In that 2007 speech, Obama explicitly repudiated the use of torture, saying that "the days of compromising our values are over." And he has, in fact, ended the practices he considers torture. But he has not convinced the public. At the height of Obama's popularity, in April 2009, a significant plurality of Americans asserted in a CBS News poll that waterboarding was justified -- even though an overwhelming majority agreed with the president that the practice constituted torture. Even Cheney never made so bald a claim. Between half and two-thirds of respondents consistently oppose closing the Guantanamo Bay facility. Americans actually have a more negative view of Islam today than they did five years ago; perhaps the reason why a rising fraction of the public believes that Obama is a Muslim is that they can think of no worse an epithet.
On the other hand, the appetite for transformative adventures has evaporated. The public views the war in Iraq as a failure. A full 43 percent now say that even the war in Afghanistan was a "mistake" from the outset. And large majorities take a dim view of democracy promotion in general. This, then, is the national mood nine years after the terrorist attacks: sullen, suspicious, defensive, borderline isolationist. (For more on this, see Scott Malcomson's fine new memoir on the subject, Generation's End: A Personal Memoir of American Power After 9/11.) I'm beginning to wonder if, back in 2007, I should have paid less attention to Obama's sweeping new formulation and more to his hyperbolic attempt to prove to a wary public that he wasn't going to be soft on terrorism.
Obama has trod carefully -- perhaps too carefully -- on issues like the closing of Guantánamo or the detention of alleged terrorists without trial; but these are intrinsically hard questions, and in neither case would be it fair to say that he has trafficked in the color-coded politics of fear. Nevertheless, the administration's policies have had the inadvertent effect of enhancing the national preoccupation with the threat from the Islamic world. From the very outset of his tenure, Obama has seen his great mission to be undoing the harm that his predecessor did in the Middle East. He gave his first interview as president to news channel Al Arabiya; he made his first phone calls to Middle Eastern leaders. By far, the most important speech of his first year in office was the Cairo address in which he promised a "new beginning" in the Middle East. And the consuming foreign-policy issues of his tenure have been the nuclear standoff in Iran and the war in Afghanistan -- a war, Obama has consistently argued, that America cannot afford to lose.

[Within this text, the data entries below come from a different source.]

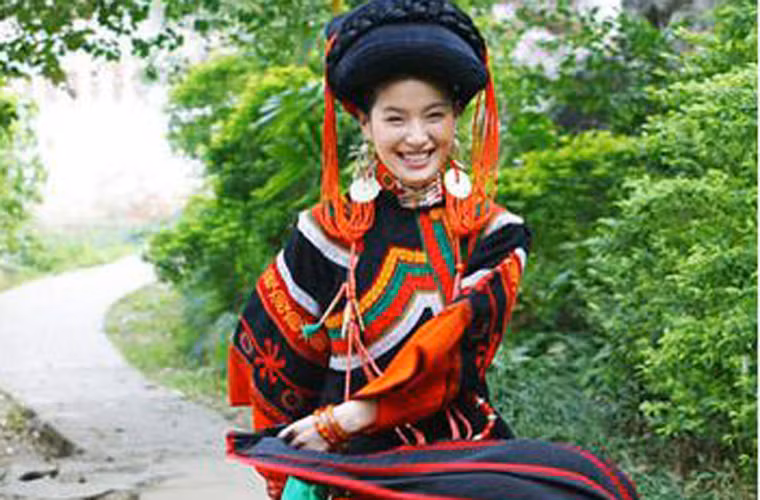 Theo truyền thuyết cổ xưa, linh hồn của các chàng trai chết trẻ trên chiến trường chưa lập gia đình không được siêu thoát bởi trước khi qua đời chưa từng được sờ ngực phụ nữ. Vì thế, thầy cúng đã yêu cầu chọn ra 10 người thiếu nữ trong trắng và chưa bị đàn ông sờ vào vòng 1 để làm vật tế cùng linh hồn sang thế giới bên kia. Do đó, để không bị chọn làm vật tế, những thiếu nữ trẻ đã nhờ các chàng trai trong bộ tộc sờ lên ngực họ. Dần dần, tục lệ đặc biệt này được lan truyền rộng rãi và tồn tại cho đến ngày nay.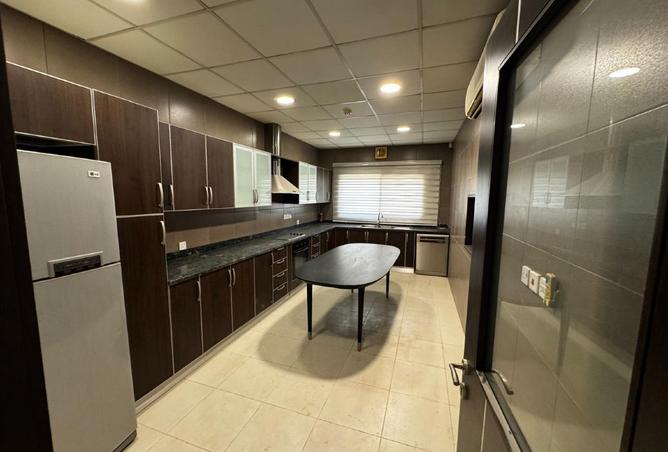 963511 - Property Image 2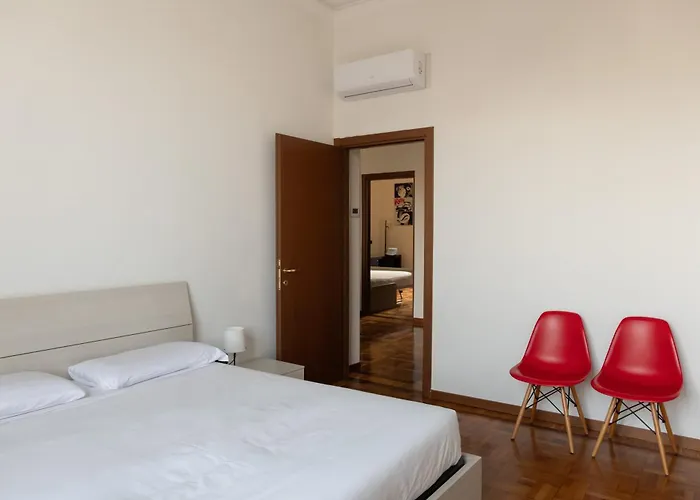 Luminoso Trilocale Piano Alto Vicino All' Arco Della Pace Lägenhet Milano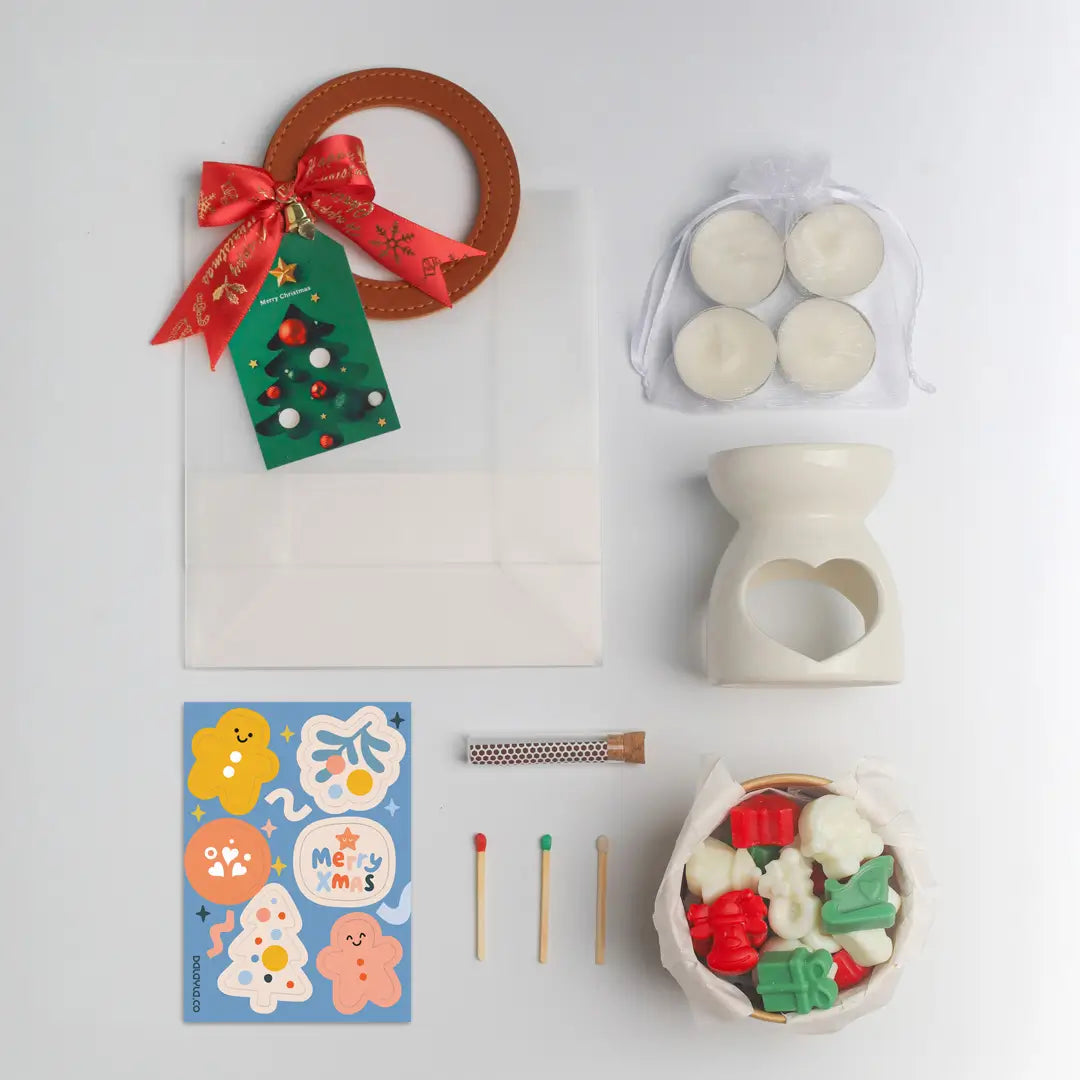 ของในเซ็ต Christmas Gift Set กลิ่น Christmas Melts: ถุงของขวัญโบว์แดง เทียนทีไลท์ 4 ก้อน เตามินิ สติกเกอร์ ขวดไม้ขีดไฟ และแว็กซ์รูปคริสต์มาส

Unfortunately, the Middle East is the world's most intransigent region, a place where U.S. efforts of any kind produce the most modest outcomes. Obama has "succeeded" in Iraq by redefining success as getting out. Meanwhile in Afghanistan, the United States is spending $100 billion a year, and of course precious lives, while the effort to persuade the Afghan people that their government is worth defending is, if anything, going backward. Obama continues to insist that Afghanistan is the central front in the real war on terror, but the recent report of the Afghanistan Study Group concludes flatly that "the U.S. interests at stake in Afghanistan do not warrant this level of sacrifice."